How deforestation in Brazil keeps slowing down
I wrote about it before : deforestation in the Brazilian part of the Amazon rainforest – aka the lungs of Earth – decreased by no less than 46 percent and is at record low levels in the past two decades.
These are surely good news as deforestation is a predominant part in Brazilian greenhouse gases emissions. TreeHugger explains how this was achieved, partly thanks to satellites.
As a science fiction fan I like it when space technology helps solving Earth matters. This isn’t the first time it happens.
But back to Brazil, here is an extract of the full article :
Between 2000 and 2008, the Amazon rainforest lost an average of 18,786 km² annually; last year, that number was down to 7,464 km² last year — evidence of a shift in tactics.
Ten years ago, says Evaristo, IBAMA was “looking blindly for deforestation,” with “no tools” to catch deforestation operations before it was too late.
Even simple factors like cloud cover would make monitoring parts of the Amazon virtually impossible, and those cutting down the trees knew that.
Since then, advances in technology and better enforcement methods have changed the way IBAMA operates. A recently launched satellite, developed with the help of the Chinese, allows the enforcement agency to peer through clouds, greatly enhancing their monitoring ability.
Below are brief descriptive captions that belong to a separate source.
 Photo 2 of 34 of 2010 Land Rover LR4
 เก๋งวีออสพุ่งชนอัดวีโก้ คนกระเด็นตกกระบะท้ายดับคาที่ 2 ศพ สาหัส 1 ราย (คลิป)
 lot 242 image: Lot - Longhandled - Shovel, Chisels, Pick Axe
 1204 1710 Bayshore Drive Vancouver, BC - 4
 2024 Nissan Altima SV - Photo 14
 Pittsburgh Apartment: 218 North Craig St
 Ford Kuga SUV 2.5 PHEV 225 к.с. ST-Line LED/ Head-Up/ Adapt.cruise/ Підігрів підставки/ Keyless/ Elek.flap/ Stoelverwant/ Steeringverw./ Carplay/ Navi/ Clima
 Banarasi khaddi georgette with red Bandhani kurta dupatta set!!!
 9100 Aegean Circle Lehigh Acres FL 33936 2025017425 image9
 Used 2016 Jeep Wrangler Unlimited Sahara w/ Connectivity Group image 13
Every 15 days, IBAMA receives new satellite imagery showing the latest spots where deforestation is taking place, allowing officers to close down such operations much more quickly than they could before.
(…) Those caught illegally deforesting their land, usually farmers and ranchers making room for cattle or crops, can now expect a harder hit to their pocketbooks. Instead of only imposing fines, now enforcement agents seek to “decapitalize the crime,” says Evaristo.
Deforesting cattle ranchers can now expect to have their livestock seized, while farmers’ crops will be forced to rot in the ground. Those caught with illegal timber operations, too, may be squeezed out of business; IBAMA posts the names of those landowners on their Web site for the world to see.
“[Their] days are numbered,” the director of IBAMA promises. “Zero illegal deforestation is possible.”